Poochit Nonejuie, Ph.D.
In the past decades, increasing number of multidrug resistant (MDR) bacteria infection in hospitals has been documented worldwide. The wide spread of multidrug-resistant (MDR) Enterococcus spp., Staphylococcus aureus, Klebsiella spp., Acinetobacter baumannii, Pseudomonas aeruginosa and Enterobacter spp., called “ESKAPE” is among the most concerned. Recent studies showed that some MDR Gram-negative pathogens are now resistant to all antibiotics available in the market. Even though there are some new antibiotics approved by FDA recently, they only work against Gram-positive bacteria. The combination of the drug resistance and the lack of new antibiotics make millions of lives be at risk from MDR Gram-negative pathogen infection. Thus, novel antibiotics are strongly needed in order to put MDR Gram-negative pathogen at bay. However, the search of antibiotics for Gram-negative is far more difficult than that for Gram-positive due to its outermembrane (OM) which provides an extra barrier against antibiotic penetration. Therefore, potentiator mechanism of action on OM is also crucial to antibiotic discovery.

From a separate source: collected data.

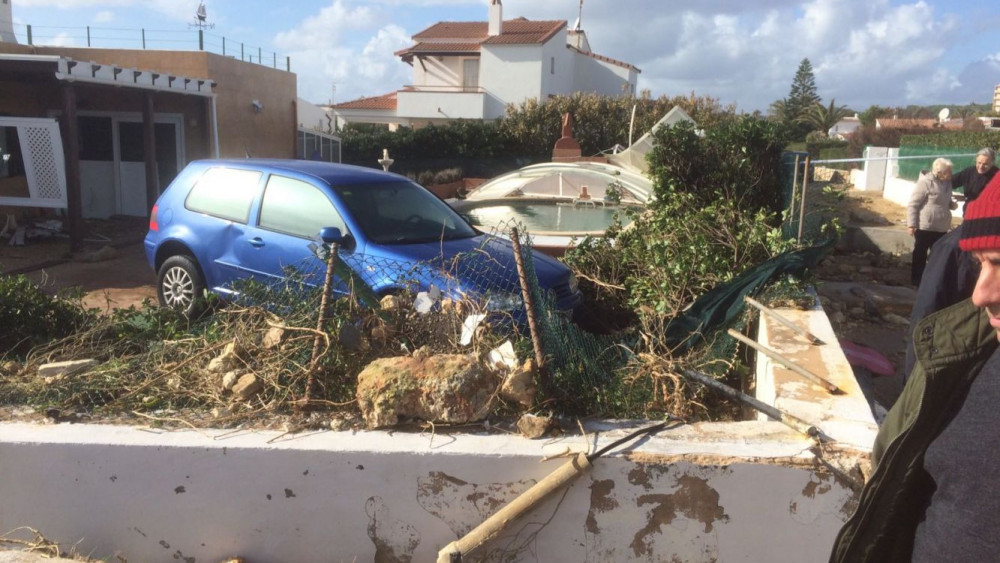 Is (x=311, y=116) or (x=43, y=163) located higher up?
(x=311, y=116)

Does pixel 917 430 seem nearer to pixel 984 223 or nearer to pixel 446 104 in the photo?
pixel 984 223

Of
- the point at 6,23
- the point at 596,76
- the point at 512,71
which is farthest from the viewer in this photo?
the point at 596,76

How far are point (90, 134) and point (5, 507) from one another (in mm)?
14227

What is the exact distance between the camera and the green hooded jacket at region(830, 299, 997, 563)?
77.7 inches

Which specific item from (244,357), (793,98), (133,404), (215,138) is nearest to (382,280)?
(244,357)

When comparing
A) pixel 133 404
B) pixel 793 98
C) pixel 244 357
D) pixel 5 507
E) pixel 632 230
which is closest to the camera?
pixel 5 507

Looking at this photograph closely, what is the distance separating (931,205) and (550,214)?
5067 millimetres

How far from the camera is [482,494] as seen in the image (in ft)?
10.4

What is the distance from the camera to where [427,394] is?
3332 millimetres

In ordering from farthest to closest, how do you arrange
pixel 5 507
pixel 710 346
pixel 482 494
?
pixel 710 346 < pixel 5 507 < pixel 482 494

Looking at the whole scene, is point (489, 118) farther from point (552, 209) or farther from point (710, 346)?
point (710, 346)

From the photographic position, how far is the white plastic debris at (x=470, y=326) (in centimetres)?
387

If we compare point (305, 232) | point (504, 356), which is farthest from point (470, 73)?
point (504, 356)

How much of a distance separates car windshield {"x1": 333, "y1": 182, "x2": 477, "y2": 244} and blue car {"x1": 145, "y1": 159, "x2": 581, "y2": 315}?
1cm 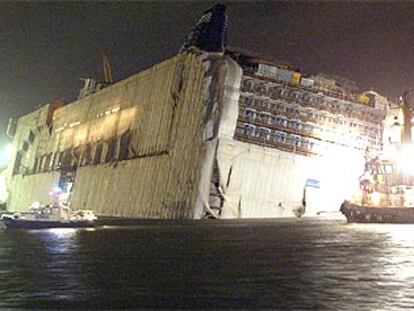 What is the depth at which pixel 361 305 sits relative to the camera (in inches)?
733

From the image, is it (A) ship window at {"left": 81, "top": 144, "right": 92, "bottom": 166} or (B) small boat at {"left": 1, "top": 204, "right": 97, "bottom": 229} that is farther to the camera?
(A) ship window at {"left": 81, "top": 144, "right": 92, "bottom": 166}

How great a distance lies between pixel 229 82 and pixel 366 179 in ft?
80.9

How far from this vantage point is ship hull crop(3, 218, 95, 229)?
203 ft

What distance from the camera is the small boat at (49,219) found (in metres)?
62.1

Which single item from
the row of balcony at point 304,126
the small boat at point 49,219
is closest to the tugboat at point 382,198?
the row of balcony at point 304,126

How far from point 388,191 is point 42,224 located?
46.5m

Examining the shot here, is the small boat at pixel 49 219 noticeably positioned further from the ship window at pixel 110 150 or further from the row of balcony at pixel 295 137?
the ship window at pixel 110 150

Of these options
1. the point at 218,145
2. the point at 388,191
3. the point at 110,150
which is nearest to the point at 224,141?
the point at 218,145

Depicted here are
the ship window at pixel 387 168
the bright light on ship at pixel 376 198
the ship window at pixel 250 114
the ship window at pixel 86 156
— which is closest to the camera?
the bright light on ship at pixel 376 198

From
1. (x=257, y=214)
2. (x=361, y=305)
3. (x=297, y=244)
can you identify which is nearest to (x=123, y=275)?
(x=361, y=305)

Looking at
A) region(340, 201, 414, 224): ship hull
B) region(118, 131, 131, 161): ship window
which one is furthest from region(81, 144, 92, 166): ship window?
region(340, 201, 414, 224): ship hull

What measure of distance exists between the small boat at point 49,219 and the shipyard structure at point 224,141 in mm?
12785

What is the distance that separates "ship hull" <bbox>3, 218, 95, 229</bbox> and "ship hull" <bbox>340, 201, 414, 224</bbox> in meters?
34.7

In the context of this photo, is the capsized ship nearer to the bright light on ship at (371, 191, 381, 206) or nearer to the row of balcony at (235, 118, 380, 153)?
the bright light on ship at (371, 191, 381, 206) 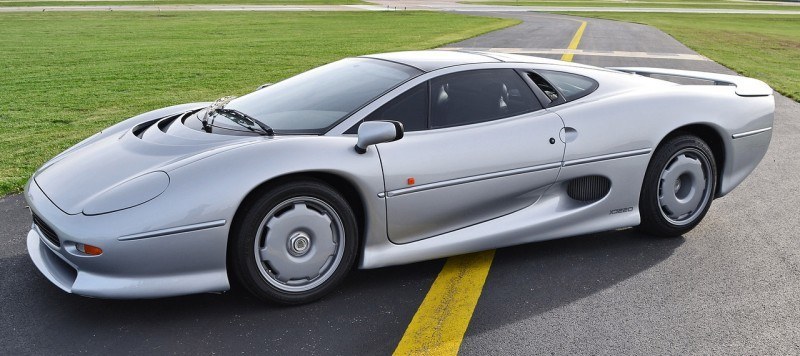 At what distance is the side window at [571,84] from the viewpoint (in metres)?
4.60

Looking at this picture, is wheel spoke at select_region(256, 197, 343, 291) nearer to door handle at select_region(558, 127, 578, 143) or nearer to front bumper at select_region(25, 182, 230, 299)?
front bumper at select_region(25, 182, 230, 299)

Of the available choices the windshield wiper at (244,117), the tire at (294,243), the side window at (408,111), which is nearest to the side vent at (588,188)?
the side window at (408,111)

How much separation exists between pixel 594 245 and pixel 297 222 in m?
1.99

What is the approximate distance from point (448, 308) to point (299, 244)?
0.78 m

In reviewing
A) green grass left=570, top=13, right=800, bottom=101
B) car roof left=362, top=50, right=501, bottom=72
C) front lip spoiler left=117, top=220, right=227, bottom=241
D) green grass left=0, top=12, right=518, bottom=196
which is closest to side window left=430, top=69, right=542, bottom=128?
car roof left=362, top=50, right=501, bottom=72

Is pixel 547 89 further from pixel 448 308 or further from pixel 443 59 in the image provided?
pixel 448 308

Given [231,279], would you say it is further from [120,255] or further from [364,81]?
[364,81]

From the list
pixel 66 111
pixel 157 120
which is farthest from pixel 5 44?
pixel 157 120

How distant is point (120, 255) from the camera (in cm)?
330

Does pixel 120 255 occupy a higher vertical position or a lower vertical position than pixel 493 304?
higher

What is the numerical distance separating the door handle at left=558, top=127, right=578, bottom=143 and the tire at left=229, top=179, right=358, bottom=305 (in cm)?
134

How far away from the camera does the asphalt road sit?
3291mm

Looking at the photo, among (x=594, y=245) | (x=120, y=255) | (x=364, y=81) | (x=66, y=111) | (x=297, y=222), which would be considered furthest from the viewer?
(x=66, y=111)

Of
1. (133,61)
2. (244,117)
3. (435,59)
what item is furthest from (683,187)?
(133,61) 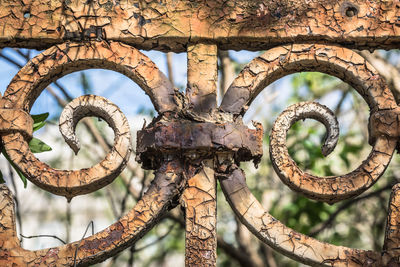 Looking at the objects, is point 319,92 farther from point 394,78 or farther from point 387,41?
point 387,41

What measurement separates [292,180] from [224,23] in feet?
2.01

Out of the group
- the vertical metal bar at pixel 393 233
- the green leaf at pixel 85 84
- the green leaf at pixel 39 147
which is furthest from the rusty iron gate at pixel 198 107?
the green leaf at pixel 85 84

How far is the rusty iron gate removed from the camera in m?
1.87

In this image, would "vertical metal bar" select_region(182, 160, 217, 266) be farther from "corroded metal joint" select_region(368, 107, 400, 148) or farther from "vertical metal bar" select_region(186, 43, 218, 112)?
"corroded metal joint" select_region(368, 107, 400, 148)

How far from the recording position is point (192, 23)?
6.76ft

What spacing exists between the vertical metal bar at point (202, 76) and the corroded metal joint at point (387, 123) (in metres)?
0.57

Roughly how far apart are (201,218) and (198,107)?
14.9 inches

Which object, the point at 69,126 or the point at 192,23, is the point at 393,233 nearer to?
the point at 192,23

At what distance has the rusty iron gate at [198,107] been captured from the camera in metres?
1.87

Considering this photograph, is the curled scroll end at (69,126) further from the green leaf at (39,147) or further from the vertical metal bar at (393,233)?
the vertical metal bar at (393,233)

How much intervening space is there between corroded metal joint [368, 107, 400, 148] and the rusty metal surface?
28cm

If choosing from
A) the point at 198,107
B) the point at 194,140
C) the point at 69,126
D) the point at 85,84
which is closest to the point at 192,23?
the point at 198,107

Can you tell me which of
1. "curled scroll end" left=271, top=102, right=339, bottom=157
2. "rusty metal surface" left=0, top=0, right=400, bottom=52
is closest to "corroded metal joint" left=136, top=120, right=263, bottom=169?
"curled scroll end" left=271, top=102, right=339, bottom=157

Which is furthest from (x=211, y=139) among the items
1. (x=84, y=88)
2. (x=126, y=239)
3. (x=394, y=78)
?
(x=84, y=88) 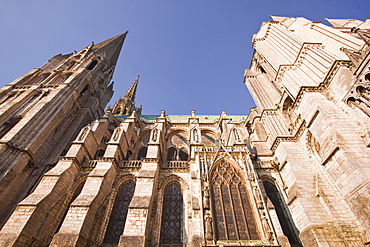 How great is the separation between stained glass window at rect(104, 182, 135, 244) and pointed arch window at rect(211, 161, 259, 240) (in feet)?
16.2

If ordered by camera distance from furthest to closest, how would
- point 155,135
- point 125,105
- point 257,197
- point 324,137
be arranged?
point 125,105 < point 155,135 < point 257,197 < point 324,137

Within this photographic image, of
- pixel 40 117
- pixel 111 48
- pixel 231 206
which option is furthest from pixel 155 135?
pixel 111 48

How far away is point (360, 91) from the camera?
24.0 ft

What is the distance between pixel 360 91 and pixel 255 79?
12210mm

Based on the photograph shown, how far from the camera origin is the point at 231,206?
9.09m

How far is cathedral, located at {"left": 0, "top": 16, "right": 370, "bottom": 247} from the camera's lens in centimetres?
737

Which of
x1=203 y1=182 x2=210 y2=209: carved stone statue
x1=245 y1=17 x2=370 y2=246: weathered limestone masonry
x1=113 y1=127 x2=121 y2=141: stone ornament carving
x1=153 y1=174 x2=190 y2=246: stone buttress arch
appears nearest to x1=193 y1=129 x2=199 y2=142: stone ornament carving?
x1=153 y1=174 x2=190 y2=246: stone buttress arch

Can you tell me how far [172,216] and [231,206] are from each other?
127 inches

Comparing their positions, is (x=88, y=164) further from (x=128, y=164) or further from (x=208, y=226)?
(x=208, y=226)

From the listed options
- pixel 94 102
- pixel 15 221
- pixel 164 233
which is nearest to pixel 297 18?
pixel 164 233

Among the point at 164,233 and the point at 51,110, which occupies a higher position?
the point at 51,110

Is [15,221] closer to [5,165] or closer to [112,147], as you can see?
[5,165]

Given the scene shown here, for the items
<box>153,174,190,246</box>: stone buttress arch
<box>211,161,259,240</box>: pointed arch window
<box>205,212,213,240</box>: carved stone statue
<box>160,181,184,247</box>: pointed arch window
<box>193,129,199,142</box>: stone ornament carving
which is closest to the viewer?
<box>205,212,213,240</box>: carved stone statue

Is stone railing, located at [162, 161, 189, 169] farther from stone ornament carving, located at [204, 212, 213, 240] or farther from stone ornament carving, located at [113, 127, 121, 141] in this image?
stone ornament carving, located at [204, 212, 213, 240] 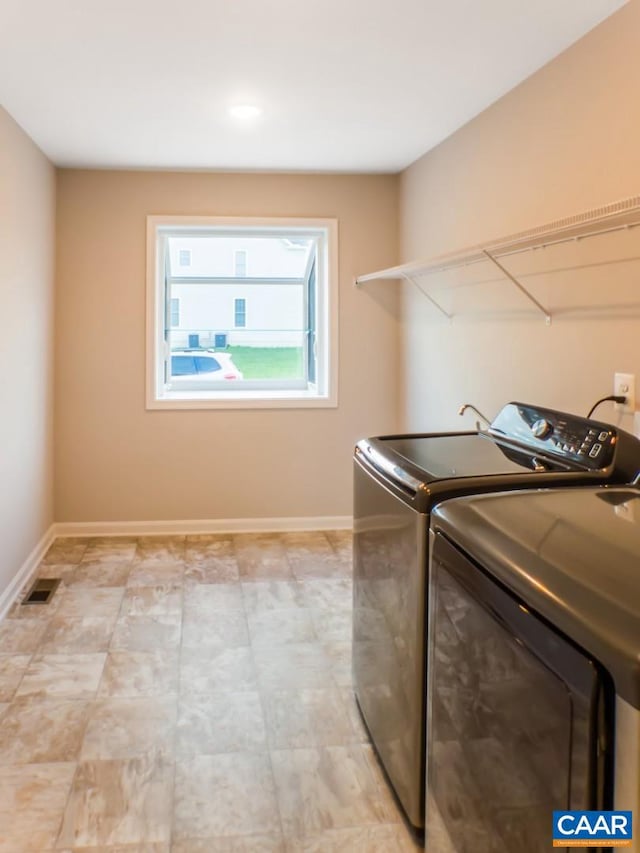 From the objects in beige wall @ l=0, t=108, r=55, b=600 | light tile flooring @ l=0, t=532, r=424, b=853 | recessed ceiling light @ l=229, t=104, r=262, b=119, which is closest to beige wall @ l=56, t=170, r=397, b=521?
beige wall @ l=0, t=108, r=55, b=600

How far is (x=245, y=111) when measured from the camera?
3.15 m

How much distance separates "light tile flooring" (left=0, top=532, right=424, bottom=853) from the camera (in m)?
1.82

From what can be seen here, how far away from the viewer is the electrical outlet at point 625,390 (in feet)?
6.91

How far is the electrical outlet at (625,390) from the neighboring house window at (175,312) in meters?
3.07

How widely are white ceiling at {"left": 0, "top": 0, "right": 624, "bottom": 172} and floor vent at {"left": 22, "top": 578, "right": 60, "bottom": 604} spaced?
Result: 2246mm

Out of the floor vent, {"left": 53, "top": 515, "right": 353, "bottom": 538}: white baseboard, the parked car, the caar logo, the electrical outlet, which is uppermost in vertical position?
the parked car

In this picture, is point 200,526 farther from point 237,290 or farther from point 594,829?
point 594,829

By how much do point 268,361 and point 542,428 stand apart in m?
2.84

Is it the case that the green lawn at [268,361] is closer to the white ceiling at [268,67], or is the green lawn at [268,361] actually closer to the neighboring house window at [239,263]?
the neighboring house window at [239,263]

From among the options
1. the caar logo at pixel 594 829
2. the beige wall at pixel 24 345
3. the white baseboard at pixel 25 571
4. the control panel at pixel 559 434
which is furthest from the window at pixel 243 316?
the caar logo at pixel 594 829

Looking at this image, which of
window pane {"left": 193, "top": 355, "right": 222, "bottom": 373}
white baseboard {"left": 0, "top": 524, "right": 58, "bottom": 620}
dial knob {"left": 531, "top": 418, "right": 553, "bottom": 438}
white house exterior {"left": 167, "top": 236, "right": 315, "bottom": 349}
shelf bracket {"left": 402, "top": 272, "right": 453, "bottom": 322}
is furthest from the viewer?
window pane {"left": 193, "top": 355, "right": 222, "bottom": 373}

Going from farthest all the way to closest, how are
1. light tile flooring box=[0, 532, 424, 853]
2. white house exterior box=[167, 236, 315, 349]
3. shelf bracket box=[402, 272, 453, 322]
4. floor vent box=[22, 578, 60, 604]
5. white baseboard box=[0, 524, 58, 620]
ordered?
white house exterior box=[167, 236, 315, 349], shelf bracket box=[402, 272, 453, 322], floor vent box=[22, 578, 60, 604], white baseboard box=[0, 524, 58, 620], light tile flooring box=[0, 532, 424, 853]

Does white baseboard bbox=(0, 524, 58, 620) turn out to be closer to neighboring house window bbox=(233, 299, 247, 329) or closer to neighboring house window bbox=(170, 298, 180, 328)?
neighboring house window bbox=(170, 298, 180, 328)

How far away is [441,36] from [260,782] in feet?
8.03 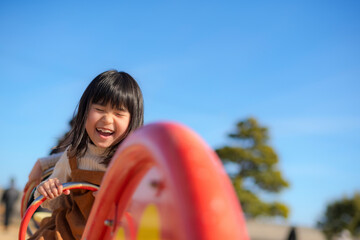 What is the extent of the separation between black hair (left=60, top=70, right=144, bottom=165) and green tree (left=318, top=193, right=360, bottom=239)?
3209cm

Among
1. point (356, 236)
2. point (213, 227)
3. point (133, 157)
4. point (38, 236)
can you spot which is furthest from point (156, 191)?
point (356, 236)

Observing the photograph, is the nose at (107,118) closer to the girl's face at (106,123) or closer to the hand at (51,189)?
the girl's face at (106,123)

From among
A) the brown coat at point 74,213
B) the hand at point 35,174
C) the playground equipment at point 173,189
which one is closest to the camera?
the playground equipment at point 173,189

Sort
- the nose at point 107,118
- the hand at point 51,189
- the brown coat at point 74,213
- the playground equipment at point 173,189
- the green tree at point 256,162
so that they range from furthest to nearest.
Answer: the green tree at point 256,162
the brown coat at point 74,213
the nose at point 107,118
the hand at point 51,189
the playground equipment at point 173,189

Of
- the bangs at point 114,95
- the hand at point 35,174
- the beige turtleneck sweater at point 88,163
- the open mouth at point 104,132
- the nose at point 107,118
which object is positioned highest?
the bangs at point 114,95

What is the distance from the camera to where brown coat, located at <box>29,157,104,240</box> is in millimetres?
2197

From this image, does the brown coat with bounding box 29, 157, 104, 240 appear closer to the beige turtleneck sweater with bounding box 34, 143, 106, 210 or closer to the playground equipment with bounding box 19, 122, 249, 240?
the beige turtleneck sweater with bounding box 34, 143, 106, 210

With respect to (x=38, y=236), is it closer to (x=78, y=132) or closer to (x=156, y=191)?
(x=78, y=132)

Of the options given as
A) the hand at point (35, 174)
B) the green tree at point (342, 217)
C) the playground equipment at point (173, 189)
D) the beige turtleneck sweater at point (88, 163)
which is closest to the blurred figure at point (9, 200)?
the hand at point (35, 174)

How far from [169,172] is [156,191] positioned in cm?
21

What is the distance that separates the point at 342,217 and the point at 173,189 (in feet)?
117

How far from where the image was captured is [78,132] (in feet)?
7.57

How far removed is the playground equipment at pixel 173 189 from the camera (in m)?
0.74

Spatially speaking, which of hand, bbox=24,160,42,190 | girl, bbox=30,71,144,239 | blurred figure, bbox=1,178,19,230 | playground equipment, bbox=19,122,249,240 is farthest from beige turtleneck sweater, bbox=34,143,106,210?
blurred figure, bbox=1,178,19,230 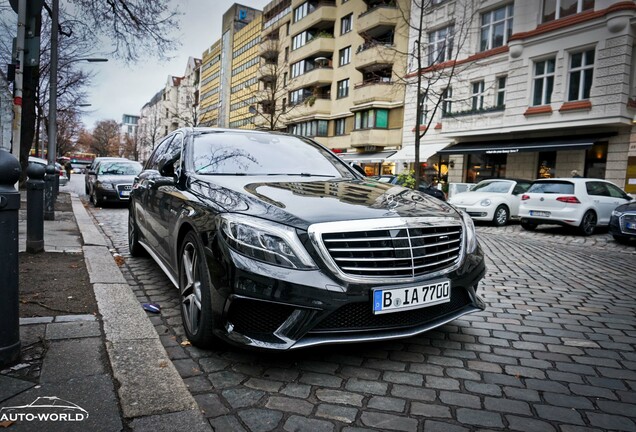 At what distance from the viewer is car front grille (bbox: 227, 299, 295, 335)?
8.58 feet

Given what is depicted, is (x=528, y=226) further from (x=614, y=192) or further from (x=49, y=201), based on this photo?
(x=49, y=201)

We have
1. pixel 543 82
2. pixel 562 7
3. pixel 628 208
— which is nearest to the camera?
pixel 628 208

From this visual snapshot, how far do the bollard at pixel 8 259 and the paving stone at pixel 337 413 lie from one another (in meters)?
1.76

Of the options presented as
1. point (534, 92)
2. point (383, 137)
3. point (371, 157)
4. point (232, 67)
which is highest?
point (232, 67)

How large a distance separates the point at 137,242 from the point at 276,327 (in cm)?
401

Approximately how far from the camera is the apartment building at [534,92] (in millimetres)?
18359

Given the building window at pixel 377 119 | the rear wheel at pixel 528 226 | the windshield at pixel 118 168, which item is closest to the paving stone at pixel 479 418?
the rear wheel at pixel 528 226

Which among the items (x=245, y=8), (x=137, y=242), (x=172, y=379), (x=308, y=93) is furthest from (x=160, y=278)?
(x=245, y=8)

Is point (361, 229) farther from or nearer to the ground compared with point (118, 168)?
nearer to the ground

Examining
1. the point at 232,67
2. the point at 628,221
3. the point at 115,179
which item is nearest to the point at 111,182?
the point at 115,179

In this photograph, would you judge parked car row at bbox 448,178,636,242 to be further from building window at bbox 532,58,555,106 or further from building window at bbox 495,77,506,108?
building window at bbox 495,77,506,108

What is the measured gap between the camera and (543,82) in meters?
21.2

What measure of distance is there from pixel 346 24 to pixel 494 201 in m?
28.4

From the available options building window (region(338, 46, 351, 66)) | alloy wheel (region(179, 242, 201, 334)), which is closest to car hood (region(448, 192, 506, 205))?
alloy wheel (region(179, 242, 201, 334)) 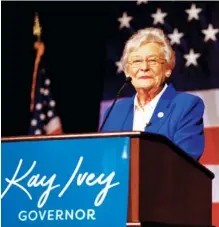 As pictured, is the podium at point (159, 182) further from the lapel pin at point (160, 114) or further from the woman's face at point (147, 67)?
the woman's face at point (147, 67)

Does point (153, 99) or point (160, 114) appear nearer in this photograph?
point (160, 114)

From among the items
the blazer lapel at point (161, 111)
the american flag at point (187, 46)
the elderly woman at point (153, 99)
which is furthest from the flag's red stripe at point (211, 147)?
the blazer lapel at point (161, 111)

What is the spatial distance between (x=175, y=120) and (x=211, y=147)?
646 millimetres

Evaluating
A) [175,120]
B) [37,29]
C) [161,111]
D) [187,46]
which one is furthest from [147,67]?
[37,29]

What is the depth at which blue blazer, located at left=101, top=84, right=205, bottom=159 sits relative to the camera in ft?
12.2

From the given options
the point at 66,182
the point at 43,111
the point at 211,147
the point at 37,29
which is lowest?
the point at 66,182

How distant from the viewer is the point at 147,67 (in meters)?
3.97

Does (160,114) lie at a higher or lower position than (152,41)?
lower

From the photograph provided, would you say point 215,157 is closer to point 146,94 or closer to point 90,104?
point 146,94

Our lab is focused on two related areas of antibiotic research. First, we aim to use a newly developed technique, bacterial cytological profiling (BCP), as the method for developing the discovery platform specific to certain Gram-negative pathogen such as A. baumannii. By having species-specific discovery platforms, we hope to increase the chance of finding new antibiotics against specific pathogens and reduce the drug effect to other commensal bacteria. Second, we aim to study the mechanism underlying OM disruption by some antibacterial molecules and potentiators. We believe that understanding OM disruption mechanism by potentiators will help researchers select and explore more compounds that are commonly neglected by other conventional screening methods due to the compounds’ negative killing result against Gram-negative bacteria.